January 15, 2015
TimeOut
David Cote
How to answer snobs who denounce Broadway as a cultural wasteland of gaudy lights, musical cheese and tacky titillation, a place where suckers from around the world flock to get fleeced? You could say at least it’s not…Las Vegas? Well, the Great White Way has now become Sodom of the Southwest, and whatever happens there is definitely not staying there: Honeymoon in Vegas is too damn fun to keep secret.
Jason Robert Brown’s big and brassy score borrows gleefully from the obvious sources—Sinatra, Mancini and Liberace—and splices that swingin’ lounge vibe with his own bouncy, wryly neurotic voice. For those who loved and mourned The Bridges of Madison County last season, they know Brown as a serious composer-lyricist who writes keenly about passion and loneliness. So it’s a thrill to see his musical craft and depth in the service of so much splendid silliness.
Because let’s face it: Andrew Bergman’s book, which hews closely to the bones of his 1992 screenplay, is goofy stuff. Dead-mother–haunted Jack (Rob McClure) tries to end his fear of commitment by running off with patience-tested fiancée Betsy (adorable Brynn O’Malley) for a quickie marriage in Vegas.
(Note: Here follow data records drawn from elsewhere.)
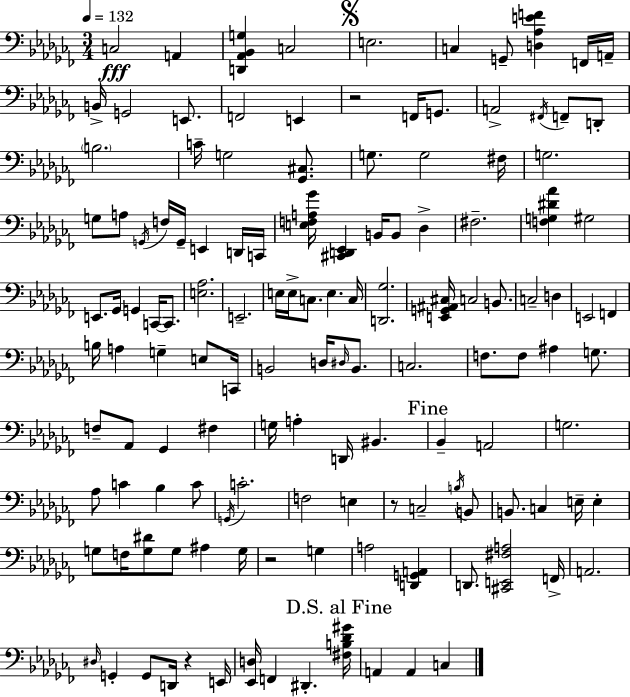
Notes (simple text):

C3/h A2/q [D2,Ab2,Bb2,G3]/q C3/h E3/h. C3/q G2/e [D3,Ab3,E4,F4]/q F2/s A2/s B2/s G2/h E2/e. F2/h E2/q R/h F2/s G2/e. A2/h F#2/s F2/e D2/e B3/h. C4/s G3/h [Gb2,C#3]/e. G3/e. G3/h F#3/s G3/h. G3/e A3/e G2/s F3/s G2/s E2/q D2/s C2/s [E3,F3,A3,Gb4]/s [C#2,D2,Eb2]/q B2/s B2/e Db3/q F#3/h. [F3,G3,D#4,Ab4]/q G#3/h E2/e. Gb2/s G2/q C2/s C2/e. [E3,Ab3]/h. E2/h. E3/s E3/s C3/e. E3/q. C3/s [D2,Gb3]/h. [E2,G2,A#2,C#3]/s C3/h B2/e. C3/h D3/q E2/h F2/q B3/s A3/q G3/q E3/e C2/s B2/h D3/s D#3/s B2/e. C3/h. F3/e. F3/e A#3/q G3/e. F3/e Ab2/e Gb2/q F#3/q G3/s A3/q D2/s BIS2/q. Bb2/q A2/h G3/h. Ab3/e C4/q Bb3/q C4/e G2/s C4/h. F3/h E3/q R/e C3/h B3/s B2/e B2/e. C3/q E3/s E3/q G3/e F3/s [G3,D#4]/e G3/e A#3/q G3/s R/h G3/q A3/h [D2,G2,A2]/q D2/e. [C#2,E2,F#3,A3]/h F2/s A2/h. D#3/s G2/q G2/e D2/s R/q E2/s [Eb2,D3]/s F2/q D#2/q. [F#3,B3,Db4,G#4]/s A2/q A2/q C3/q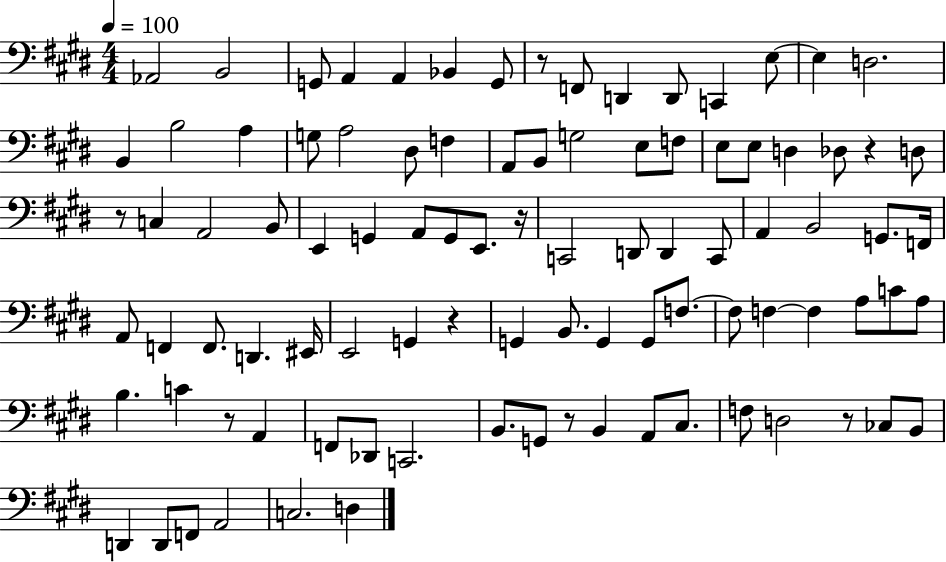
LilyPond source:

{
  \clef bass
  \numericTimeSignature
  \time 4/4
  \key e \major
  \tempo 4 = 100
  aes,2 b,2 | g,8 a,4 a,4 bes,4 g,8 | r8 f,8 d,4 d,8 c,4 e8~~ | e4 d2. | \break b,4 b2 a4 | g8 a2 dis8 f4 | a,8 b,8 g2 e8 f8 | e8 e8 d4 des8 r4 d8 | \break r8 c4 a,2 b,8 | e,4 g,4 a,8 g,8 e,8. r16 | c,2 d,8 d,4 c,8 | a,4 b,2 g,8. f,16 | \break a,8 f,4 f,8. d,4. eis,16 | e,2 g,4 r4 | g,4 b,8. g,4 g,8 f8.~~ | f8 f4~~ f4 a8 c'8 a8 | \break b4. c'4 r8 a,4 | f,8 des,8 c,2. | b,8. g,8 r8 b,4 a,8 cis8. | f8 d2 r8 ces8 b,8 | \break d,4 d,8 f,8 a,2 | c2. d4 | \bar "|."
}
Cardsharp Tommy Korman (Tony Danza) is struck by Betsy’s resemblance to his dead wife and schemes to steal her away from Jack via a high-stakes poker game. Most of the laughs turn on deceased monster moms and fatally suntanning wives, with the female lead treated as an IOU. Feminist this ain’t.
But it’s very funny, with a detour to Hawaii and those iconic skydiving Elvis impersonators. The cast is superb, and what Danza lacks in strong vocal chops he makes up for in charm and characterful crooning. Gary Griffin’s frisky staging abounds in sight gags and gorgeous chorus girls. In terms of sheer bubbly fun, Honeymoon ranks up there with some of my favorite new musical comedies on the job—The Full Monty, Hairspray or In the Heights—and recent ones—The Book of Mormon and A Gentleman’s Guide to Love and Murder. Broadway may be a crapshoot, but Honeymoon hits the jackpot.